逆選択(アドバースセレクション)
ぎゃくせんたく
ひとことで言うと
情報の非対称性により、低品質な財や高リスクな取引相手だけが市場に残る現象。
解説
情報の非対称性により、品質の悪い財やリスクの高い取引相手が市場に残り、良質なものが排除される現象。アカロフの「レモンの市場」が代表例である。モラルハザードとともに情報の不完全性がもたらす市場の失敗の一つとして重要。
くわしく解説
逆選択とは、売り手と買い手の間に情報格差がある場合に、市場メカニズムが正常に機能せず、品質の悪いものや望ましくない取引相手が選ばれてしまう現象である。
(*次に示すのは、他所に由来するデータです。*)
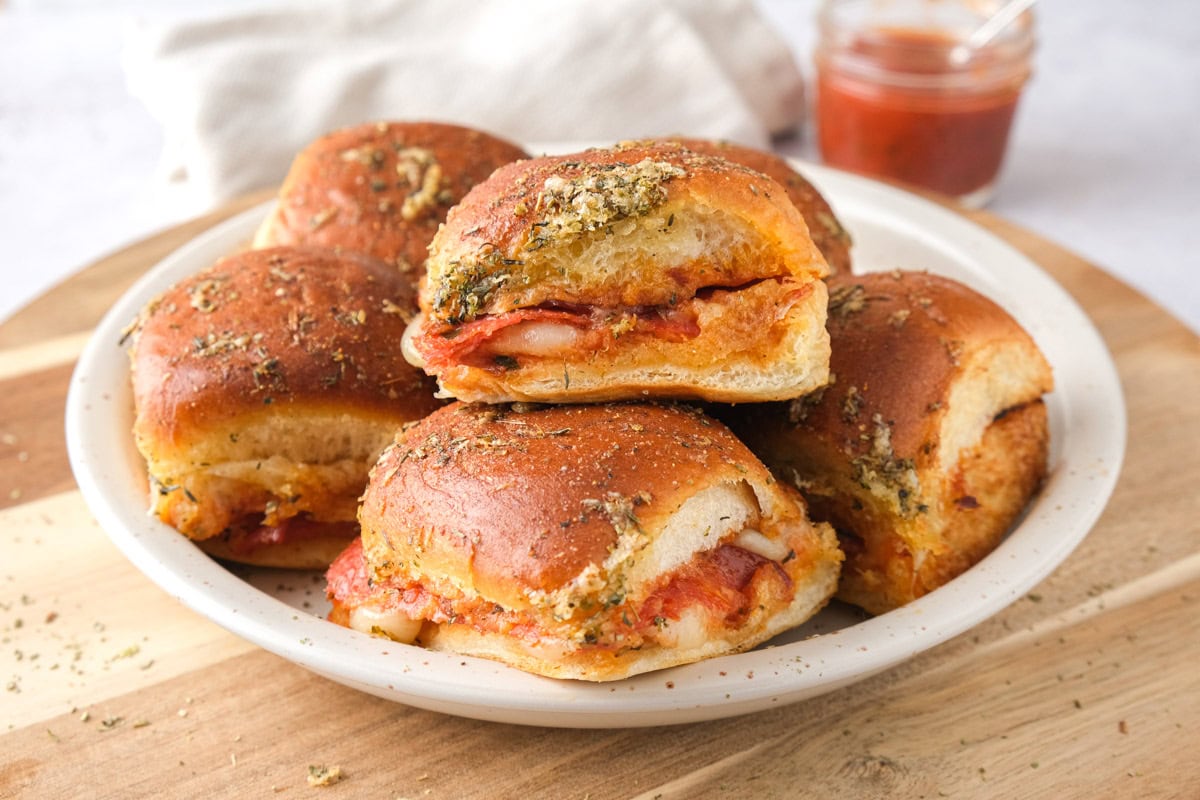 plate of pizza sliders on wooden cutting board.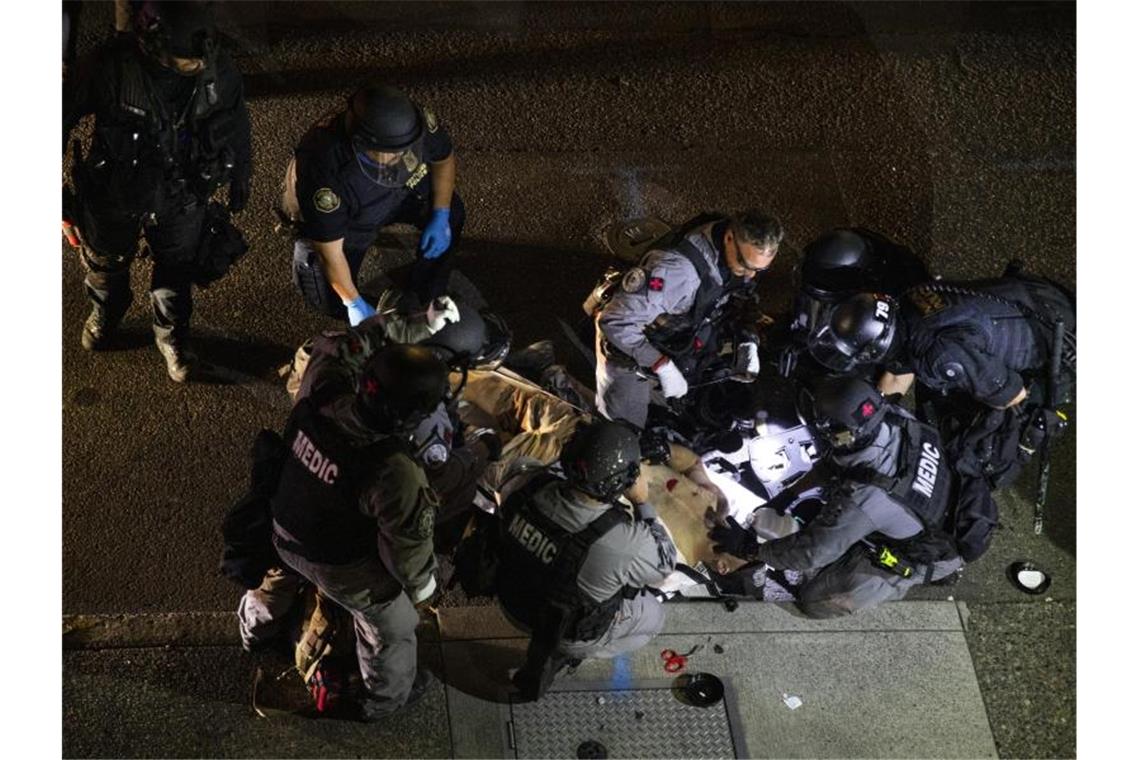 Ein angeschossener Mann wird in Portland von Sanitätern behandelt. Der mutmaßliche Schütze ist offenbar von der Polizei getötet worden. Foto: Paula Bronstein/FR171772 AP/dpa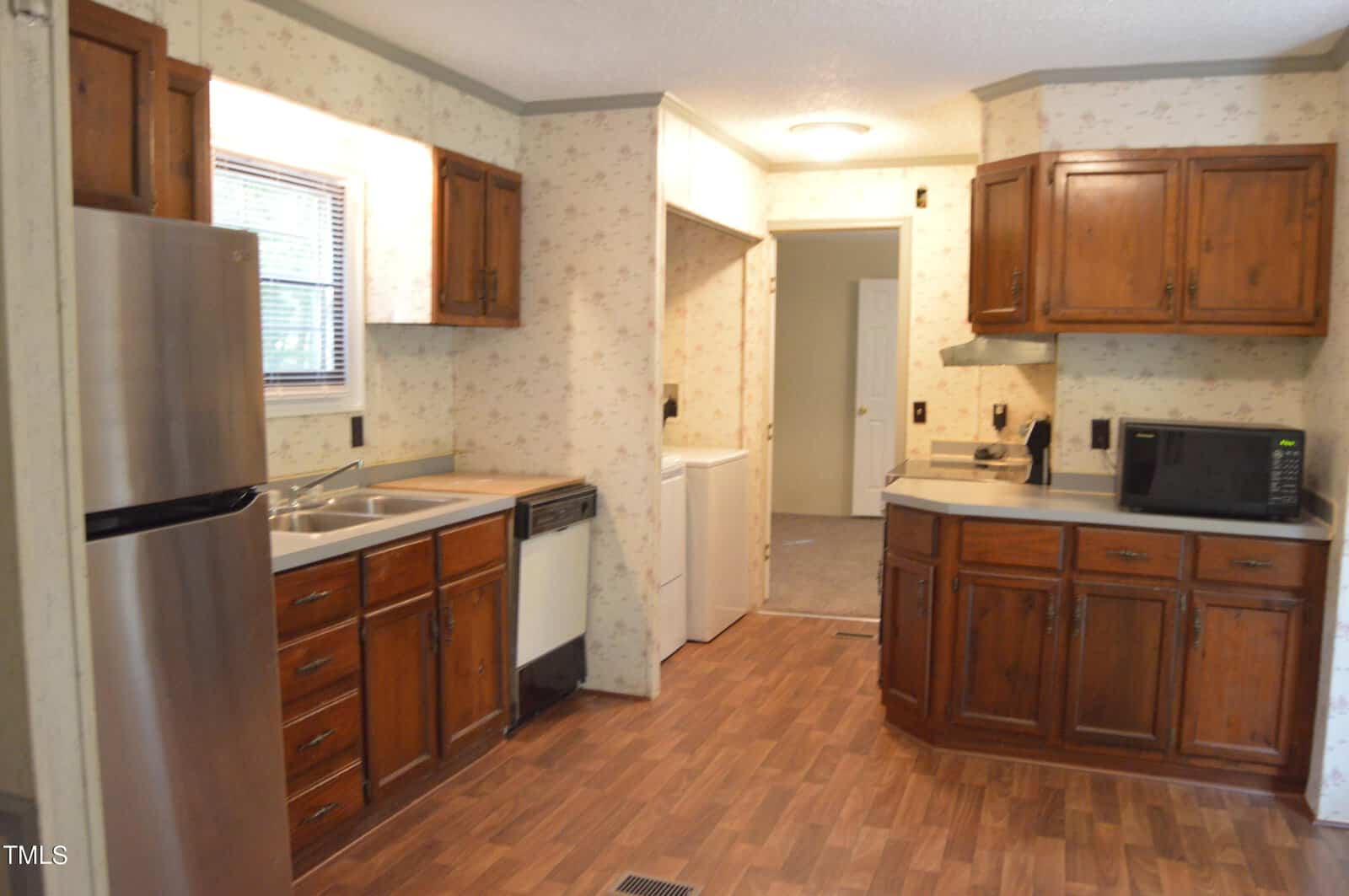 A cozy kitchen with wooden cabinets, stainless steel fridge, sink, and dishwasher. A microwave is on the counter. The floor has wood-patterned vinyl. A small window lets in natural light. Laundry area is visible in the background.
アカロフが1970年に発表した「レモンの市場」論文が代表的な分析で、中古車市場において買い手が品質を判断できないため、売り手は高品質車を売りたがらず、低品質車(レモン)だけが市場に残ることを示した。保険市場では、高リスクな人ほど積極的に保険に加入するため、保険会社が損失を被りやすい構造となる。逆選択はモラルハザードとともに情報の非対称性がもたらす市場の失敗の典型例であり、シグナリングやスクリーニングといった対応策が存在する。中小企業診断士試験では、情報の非対称性・市場の失敗・政府介入の文脈でしばしば問われる重要テーマである。
具体例で考えよう
中古車市場で、売り手は車の本当の状態を知っているが買い手にはわからない。結果として買い手は平均的な価格しか払わず、良質な車の売り手は市場から撤退し、欠陥車ばかりが残ってしまう状況がこれにあたる。
試験対策ポイント
モラルハザードとの違いに注意。逆選択は取引前の情報格差が原因、モラルハザードは取引後の行動変化が原因。アカロフの「レモンの市場」と関連づけて覚えること。